Re: display URL source October 23, 2008 03:08PM |
Admin Registered: 11 years ago Posts: 3,111 |
array of attributes to put in the anchor tag, and their callbacks. another structure to pass in the additional text to append... and that one could be complex, with variable attributes, text, and parameters.
I would prefer something a little simpler: the anchor start token itself, and then a text format in form "(%s)", where %s is substituted with the URL text. But it's up to you to code, so it's your call.
As for IDs, at this point I'm not sure I completely understand the subtleties of the issue at hand. Could you describe in more detail how your tooltips work?
Re: display URL source October 23, 2008 03:12PM |
Registered: 9 years ago Posts: 36 |
Re: display URL source October 23, 2008 03:20PM |
Admin Registered: 11 years ago Posts: 3,111 |
Gotcha.
Did patch review, everything looks good. I'm going to apply this to my master, set up a configuration directive, and then commit and push. You'll have to do a git reset --hard remotes/origin/master to update your branch when I'm done if you didn't create a topic branch for your commit.
Re: display URL source October 23, 2008 04:53PM |
Admin Registered: 11 years ago Posts: 3,111 |
Re: display URL source October 23, 2008 05:04PM |
Admin Registered: 11 years ago Posts: 3,111 |
Nyeh, for some reason Git set the author field to my value. I need to make it stop doing that.
Re: display URL source October 23, 2008 05:14PM |
Registered: 9 years ago Posts: 36 |
slight typo in the comment field... It should be:
For example, example becomes example (http://example.com).
But of course, the test cases make it clear. :)

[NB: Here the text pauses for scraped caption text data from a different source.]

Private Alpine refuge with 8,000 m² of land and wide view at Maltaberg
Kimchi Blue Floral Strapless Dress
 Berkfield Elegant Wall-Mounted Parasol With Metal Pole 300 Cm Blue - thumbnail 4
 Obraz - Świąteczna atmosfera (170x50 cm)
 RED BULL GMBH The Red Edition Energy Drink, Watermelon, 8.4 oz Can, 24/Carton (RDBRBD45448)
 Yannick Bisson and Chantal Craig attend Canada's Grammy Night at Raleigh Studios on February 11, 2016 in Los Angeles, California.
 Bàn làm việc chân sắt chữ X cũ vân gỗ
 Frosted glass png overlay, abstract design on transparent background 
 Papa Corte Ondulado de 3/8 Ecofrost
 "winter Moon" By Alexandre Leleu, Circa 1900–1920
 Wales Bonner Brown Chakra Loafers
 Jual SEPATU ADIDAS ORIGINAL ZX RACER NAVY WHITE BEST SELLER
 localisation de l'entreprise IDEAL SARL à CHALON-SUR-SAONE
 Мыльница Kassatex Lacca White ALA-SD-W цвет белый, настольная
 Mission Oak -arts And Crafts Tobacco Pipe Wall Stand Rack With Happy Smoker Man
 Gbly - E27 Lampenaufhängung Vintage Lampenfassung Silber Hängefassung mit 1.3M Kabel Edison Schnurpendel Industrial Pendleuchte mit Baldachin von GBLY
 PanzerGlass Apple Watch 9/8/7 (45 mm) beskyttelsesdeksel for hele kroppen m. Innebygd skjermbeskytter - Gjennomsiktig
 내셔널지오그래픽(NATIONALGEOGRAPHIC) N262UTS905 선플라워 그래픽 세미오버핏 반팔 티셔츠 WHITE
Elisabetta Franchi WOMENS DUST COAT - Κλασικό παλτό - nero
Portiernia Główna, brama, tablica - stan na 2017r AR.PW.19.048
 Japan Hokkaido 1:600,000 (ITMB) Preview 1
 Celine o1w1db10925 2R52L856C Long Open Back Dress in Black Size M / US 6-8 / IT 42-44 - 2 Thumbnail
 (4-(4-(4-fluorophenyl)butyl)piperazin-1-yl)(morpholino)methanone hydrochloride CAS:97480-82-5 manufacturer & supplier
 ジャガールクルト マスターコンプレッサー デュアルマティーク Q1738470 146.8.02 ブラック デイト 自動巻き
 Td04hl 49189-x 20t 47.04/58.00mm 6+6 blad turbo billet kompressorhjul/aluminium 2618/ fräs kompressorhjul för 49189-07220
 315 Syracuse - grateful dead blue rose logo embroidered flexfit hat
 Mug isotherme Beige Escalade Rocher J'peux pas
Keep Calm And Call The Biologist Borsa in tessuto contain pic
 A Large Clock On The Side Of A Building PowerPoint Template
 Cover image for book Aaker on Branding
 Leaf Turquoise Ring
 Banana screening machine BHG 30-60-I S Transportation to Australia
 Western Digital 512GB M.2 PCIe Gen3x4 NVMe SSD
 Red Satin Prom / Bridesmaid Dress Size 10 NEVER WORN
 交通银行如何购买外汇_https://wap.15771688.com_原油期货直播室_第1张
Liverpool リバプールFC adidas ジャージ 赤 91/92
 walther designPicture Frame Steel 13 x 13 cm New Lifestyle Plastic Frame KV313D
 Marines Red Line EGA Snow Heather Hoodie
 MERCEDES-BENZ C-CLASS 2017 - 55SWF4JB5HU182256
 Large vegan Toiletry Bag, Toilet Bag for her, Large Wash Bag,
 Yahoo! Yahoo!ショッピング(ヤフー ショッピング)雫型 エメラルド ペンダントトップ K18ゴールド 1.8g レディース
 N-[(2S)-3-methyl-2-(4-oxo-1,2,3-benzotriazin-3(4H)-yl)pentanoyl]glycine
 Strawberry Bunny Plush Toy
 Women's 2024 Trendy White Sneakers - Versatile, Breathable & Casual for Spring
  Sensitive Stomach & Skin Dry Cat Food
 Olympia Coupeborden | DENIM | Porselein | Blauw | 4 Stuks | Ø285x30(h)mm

Re: display URL source October 23, 2008 05:15PM |
Admin Registered: 11 years ago Posts: 3,111 |
Re: display URL source October 23, 2008 05:17PM |
Admin Registered: 11 years ago Posts: 3,111 |
Re: display URL source October 24, 2008 11:10PM |
Registered: 9 years ago Posts: 36 |
ok, for the next step... I'd like to make it more flexible on what it outputs.
First question, Is there a routine somewhere that can read a small string and tokenize it?
I was thinking of making a helper class to go with this injector, which will have its methods called to populate the new link. The default class could do the output as we have it, and then a configuration item could be used to override with a subclass.
Is this the Strategy pattern?
Anyway, if there's a procedure to parse a small amount of html and return an array of tokens to put back into the stream, it would be very simply to override the class.
interface HTMLPurifier_Injector_DisplayLinkURI_Strategy { // Called with text of link // returns public function LinkAttributes($linktext); //called with uri of link public function URIDisplay($uri); }
If not, then the subclass has to create the tokens directly. Anyway, see where I'm going with this?
Re: display URL source October 24, 2008 11:46PM |
Registered: 9 years ago Posts: 36 |
Here's the next iteration: http://maiamailguard.pastebin.com/f31dbbd1b
I'm not sure how to instantiate the default strategy, unless that can be done in a configuration item. I suppose that's the way it needs to be instantiated so it can be set from the unit tests.